Segment Start: Dataset records
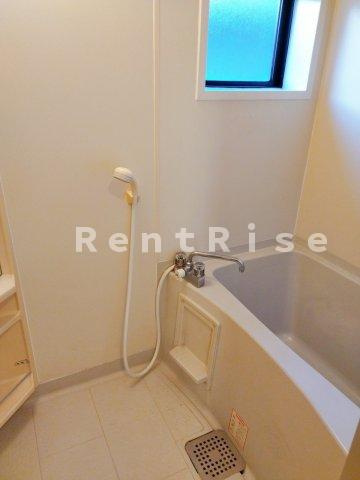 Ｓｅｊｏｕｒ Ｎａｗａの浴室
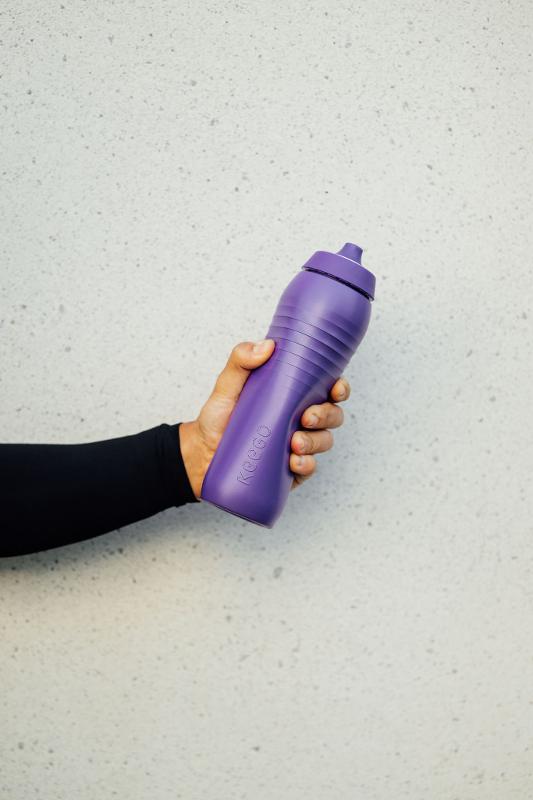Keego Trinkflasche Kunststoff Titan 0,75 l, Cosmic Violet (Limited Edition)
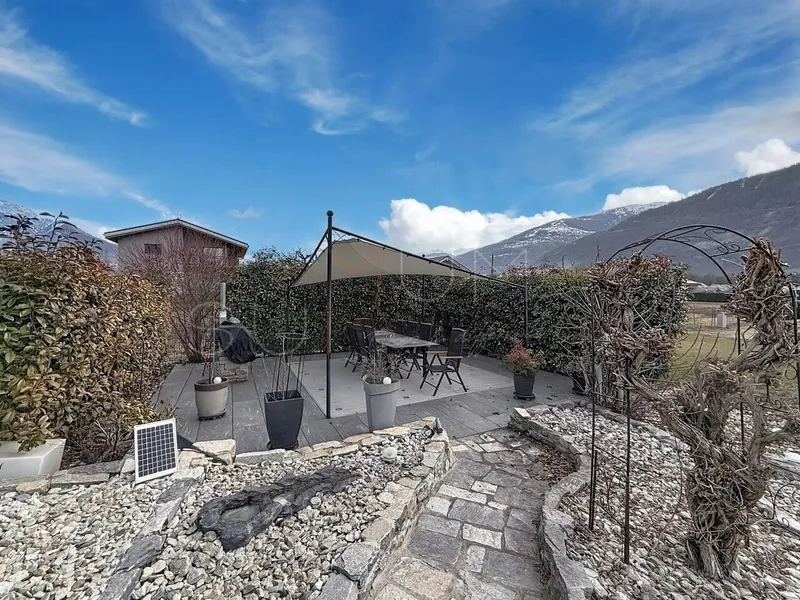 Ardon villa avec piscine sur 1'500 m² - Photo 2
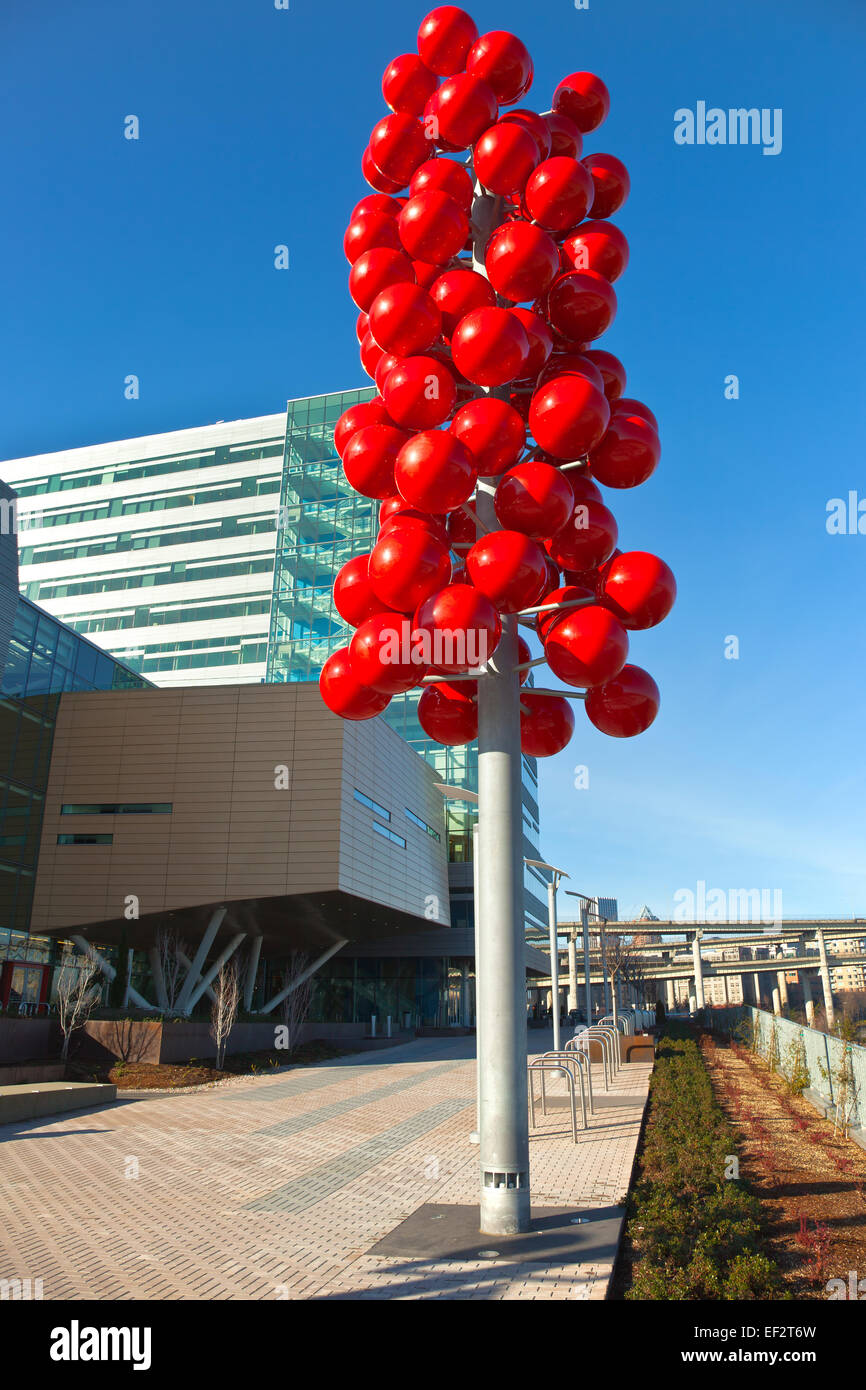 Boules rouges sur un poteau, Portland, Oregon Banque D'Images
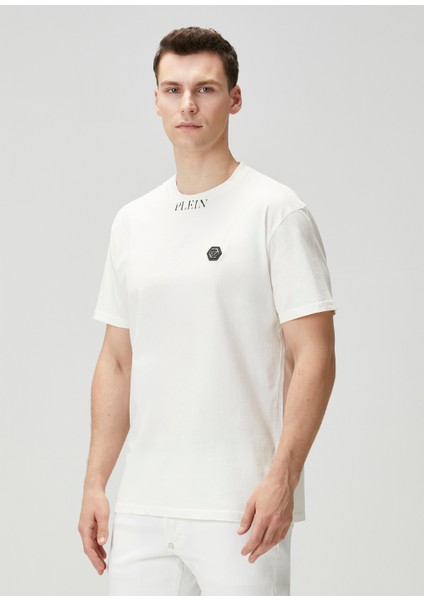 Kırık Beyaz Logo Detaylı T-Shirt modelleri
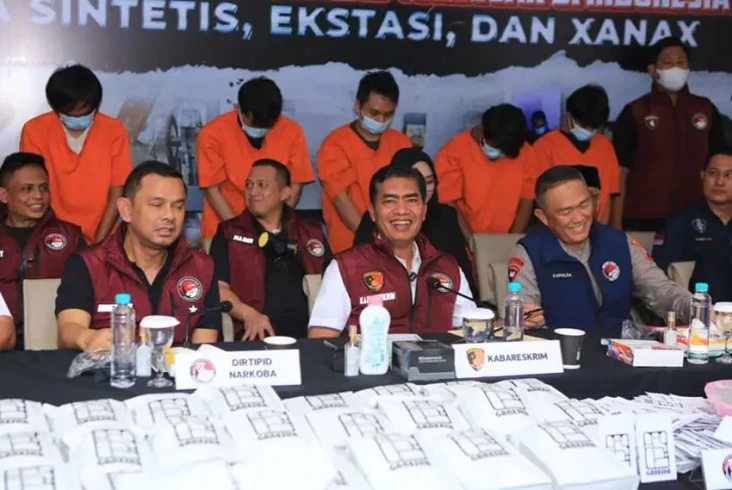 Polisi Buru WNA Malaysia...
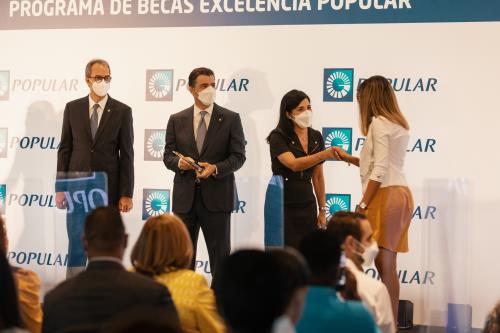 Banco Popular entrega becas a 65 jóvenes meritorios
Segment End: Dataset records
Segment Start: Dataset records
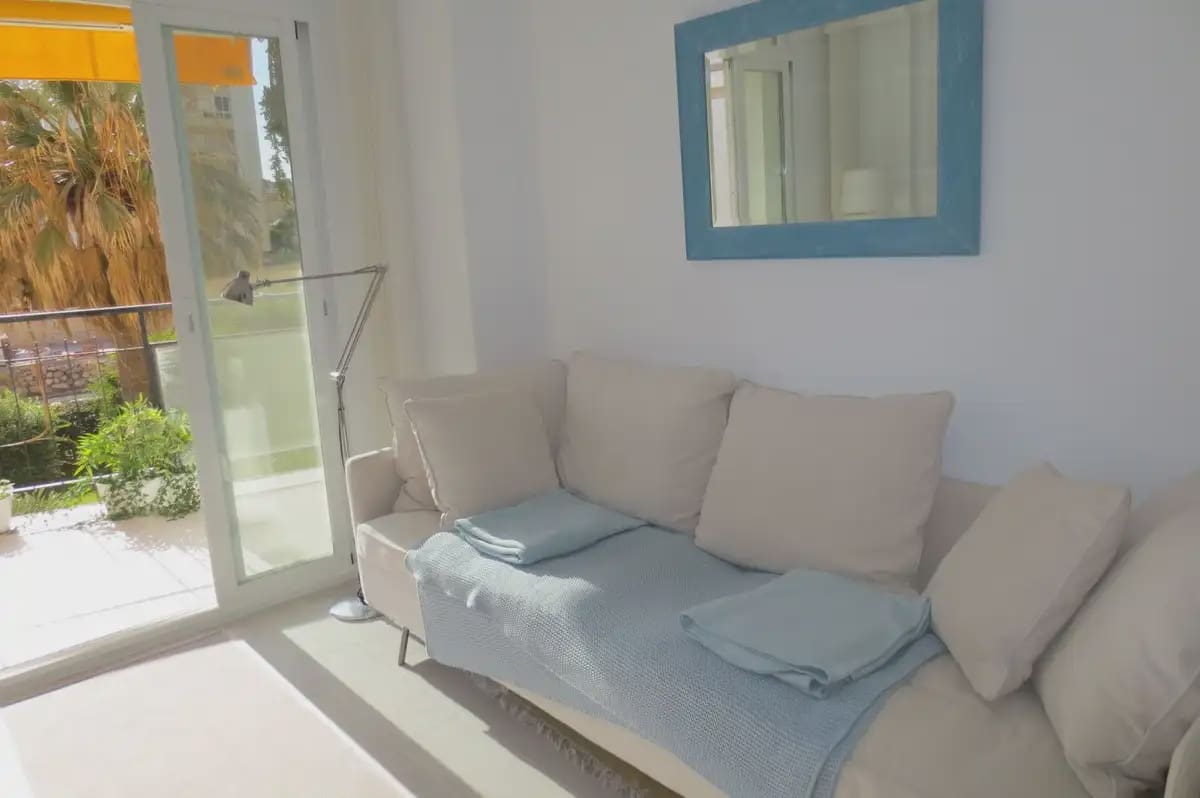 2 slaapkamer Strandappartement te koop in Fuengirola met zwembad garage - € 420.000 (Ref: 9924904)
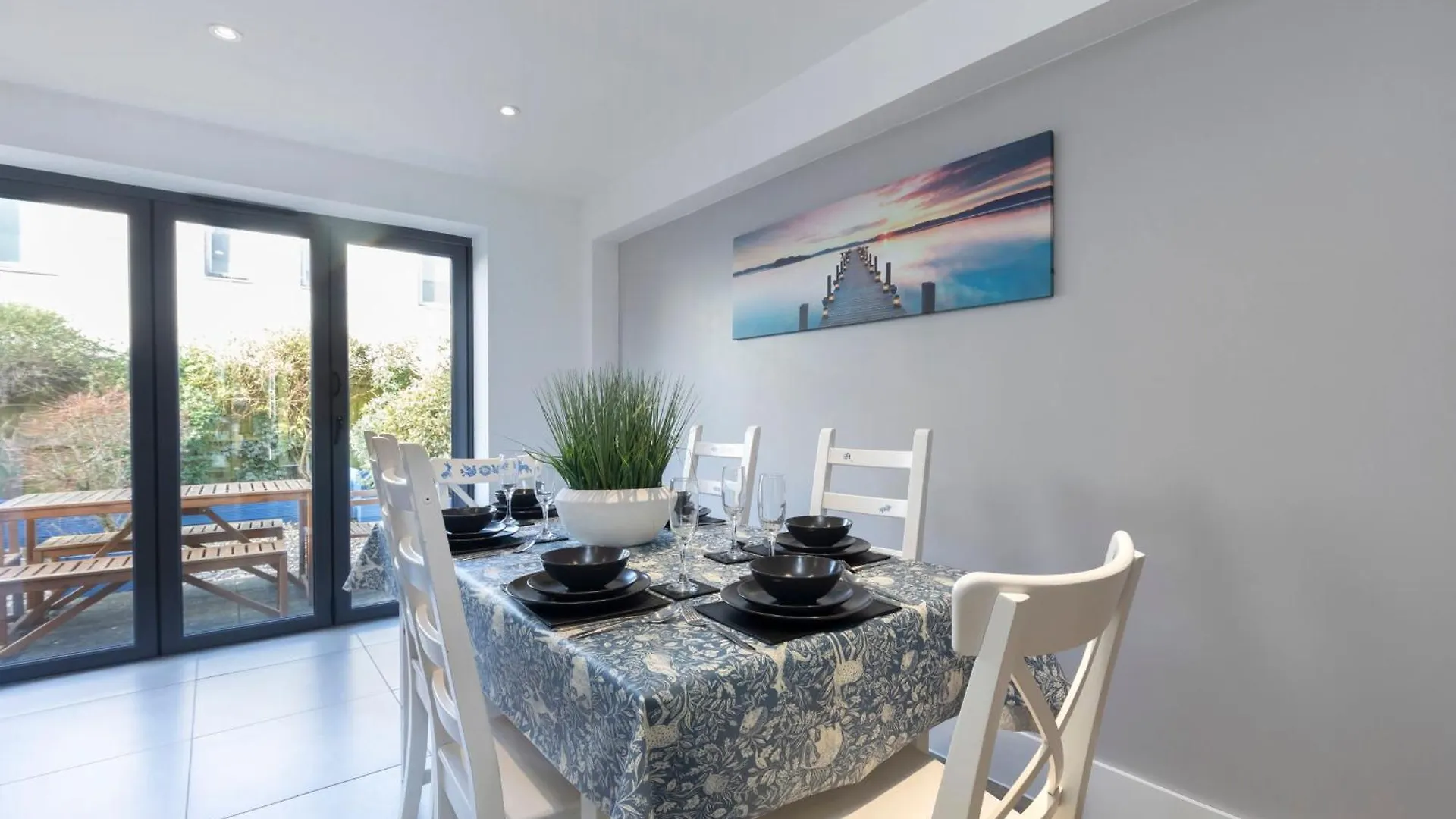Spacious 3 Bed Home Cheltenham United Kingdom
Segment End: Dataset records
→ **Problem details**
Of the lines above, copy only those from the one holding "Keego Trinkflasche Kunststoff" to the one holding "Banco Popular entrega", both included, and exclude every image.

→ **Answer for the task**
Keego Trinkflasche Kunststoff Titan 0,75 l, Cosmic Violet (Limited Edition)
 Ardon villa avec piscine sur 1'500 m² - Photo 2
 Boules rouges sur un poteau, Portland, Oregon Banque D'Images
 Kırık Beyaz Logo Detaylı T-Shirt modelleri
 Polisi Buru WNA Malaysia...
 Banco Popular entrega becas a 65 jóvenes meritorios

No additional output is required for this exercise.